The choice of the friction law affects not only the grounded ice area
evolution, but also the evolution of the ice thickness. Thus, the grounded ice
area shrinkage is more pronounced when using the linear Budd law rather than
the non-linear Budd law, whereas the latter induces more VAF loss than the
former. Similarly, although the linear and non-linear Weertman laws lead to
similar evolutions of the grounded ice area for ${I}_{{R}_{\mathit{\gamma},\mathrm{\infty}}}$, they
produce significantly different VAF losses. The Weertman laws systematically
predict the lowest VAF losses. In addition, as for the Budd laws, the linear
Weertman law always predicts less VAF loss than the non-linear Weertman law,
which is in line with the results of Ritz et al. (2015), showing a
higher contribution of the Antarctic ice sheet to SLR as the Weertman law
tends toward a perfectly plastic law, i.e. *m*→0 in Eq. (5).
The two Schoof laws lead to significantly higher
VAF losses than the Weertman laws, with one exception: the non-linear
Weertman law for the inferred state ${I}_{{R}_{\mathit{\gamma},\mathrm{1}}}$, which predicts a VAF
loss very close to the ones obtained with the two Schoof laws. This is likely
due to the fact that, for ${I}_{{R}_{\mathit{\gamma},\mathrm{1}}}$, there are several regions of
unexpectedly high viscosity located a few tens of kilometres upstream of
the initial GL (Fig. 4i). Once the GL has reached
these regions, ice is stiffer and hampers further retreat, which explains the
stabilisation of the grounded ice area seen in Fig. 7c.
As a consequence, the rate of VAF losses
obtained with the two Schoof laws decreases, which also occurs with the
non-linear Weertman law but later on, so that, at the end of EXP_ABMB, the
relative VAF losses predicted by the three laws are almost identical. On the
other hand, for the Schoof law, the lower the value of *C*_{max}, the higher
the predicted VAF losses. This is not surprising as the regions over which
friction is governed by a Coulomb regime when using a Schoof law widen
when the value of *C*_{max} decreases (Brondex et al., 2017). For
${I}_{{R}_{\mathit{\gamma},\mathrm{100}}}$, the VAF losses obtained with the two Budd laws are
dramatically higher than the one obtained with the four other laws, which is
in line with the results obtained in Brondex et al. (2017).

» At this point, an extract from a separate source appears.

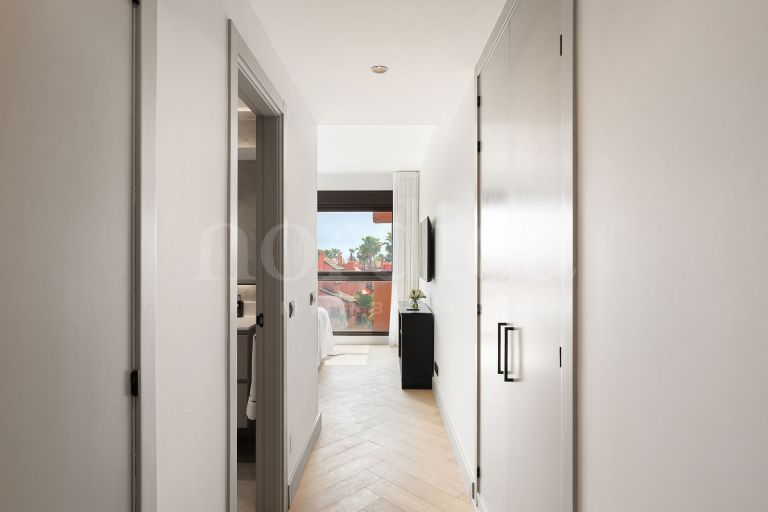 Penthouse d’angle de 3 chambres entièrement rénové avec vue sur la mer, dans un emplacement privilégié en deuxième ligne de plage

The sensitivity of ice thickness rates of change to the chosen friction law
explains why the Budd laws produce a much larger GL retreat than the four other
laws in the regions of Cosgrove and Dotson and, in the case of the non-linear
Budd law, less retreat in the Thwaites region. As shown in
Brondex et al. (2017), because the Schoof law induces a Coulomb friction regime
(i.e. $\left|{\mathit{\tau}}_{\text{b}}\right|\sim {C}_{\text{max}}N$) within a narrow region of a few
kilometres directly upstream of the GL, the buttressing loss due to basal
melting rate increase cannot be compensated within this region, despite an
increase in ice velocities. Therefore, the perturbation is transmitted
upstream, in areas governed by a Weertman friction regime (i.e.
$\left|{\mathit{\tau}}_{\text{b}}\right|\sim {C}_{\text{S}}|{\mathbf{u}}_{\text{b}}{|}^{m}$), where a velocity increase
enables a rapid compensation of the buttressing loss. As a consequence,
although the Schoof law induces an important peak of thinning, it stays very
localised in the immediate vicinity of the GL. In contrast, for the Budd
laws,
the basal shear stress depends on both **u**_{b} and *N* over the whole
domain. In addition, *N* can be low on large distances upstream of the GL,
especially where the bed profile is retrograde and induces a rapid increase in the water column height as we go further upstream, while the ice thickness
does not increase as fast. As a consequence, the peak of thinning obtained at
the GL with a Budd law is less pronounced than the one obtained with the
Schoof law, but, depending on the bed profile, it can propagate much further
upstream. This is particularly well illustrated in Fig. 3 of
Brondex et al. (2017). In addition, as for the Weertman law, perturbations are
transmitted farther and faster inland when using the non-linear Budd law
rather than the linear Budd law. As a consequence, the peak of thinning
obtained with the linear Budd law in the immediate vicinity of the GL is
slightly more pronounced than the one obtained with the non-linear Budd law,
but it propagates over slightly shorter distances (Fig. S2). In the regions of Cosgrove and Dotson, the initial
surface profiles are close to the flotation altitudes over large distances
upstream of the GL (Fig. 9). In these two regions, both
the linear and non-linear Budd laws induce a rapid purge of the VAF over
these large distances, leading to an important retreat of the GL. This
retreat might be enhanced by a potential MISI as the GL ends up on retrograde
bed slopes. Note, however, that the Cosgrove and Dotson ice shelves being both
well confined, knowledge of the bed slopes alone is not sufficient to predict
the occurrence of a MISI (Gudmundsson et al., 2012; Haseloff and Sergienko, 2018).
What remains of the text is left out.